I have a $2\times 2$ matrix over a finite field. I am wondering when the matrix is similar to an upper triangular matrix.
My thoughts so far: If the matrix does not have any eigenvalues, then it can't be similar with an upper triangular matrix. If it has two distinct eigenvalues, then it must be diagonalizable because it has two linearly independent eigenvectors. I can't figure out what happens when it has a repeated eigenvalue.
If the matrix $A$ has a single (repeated) eigenvalue $\lambda$, then $$ B = A - \lambda I $$ is nilpotent. If $B$ is not the zero matrix (i.e. if $A$ is not diagonal and already upper triangular), then I claim it is similar to $\left[\begin{smallmatrix}0&1\\0&0\end{smallmatrix}\right]$. Indeed, B has non-trivial kernel, so we let the first column of $P$ be a non-zero vector $v$ in that kernel.
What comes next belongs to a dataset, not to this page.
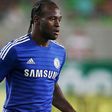 Nigerian forward Victor Moses will spend the next season on loan at Stoke City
We let the second column of $P$ be a vector $w$ such that $Bw = v$. Such a $w$ exists because the kernel of $B$ is equal to the image of $B$ (as $B$ is nilpotent but not $0$).
Then we have $P^{-1}BP = \left[\begin{smallmatrix}0&1\\0&0\end{smallmatrix}\right]$, so $P^{-1}AP= \left[\begin{smallmatrix}\lambda&1\\ 0&\lambda\end{smallmatrix}\right]$ and we are done.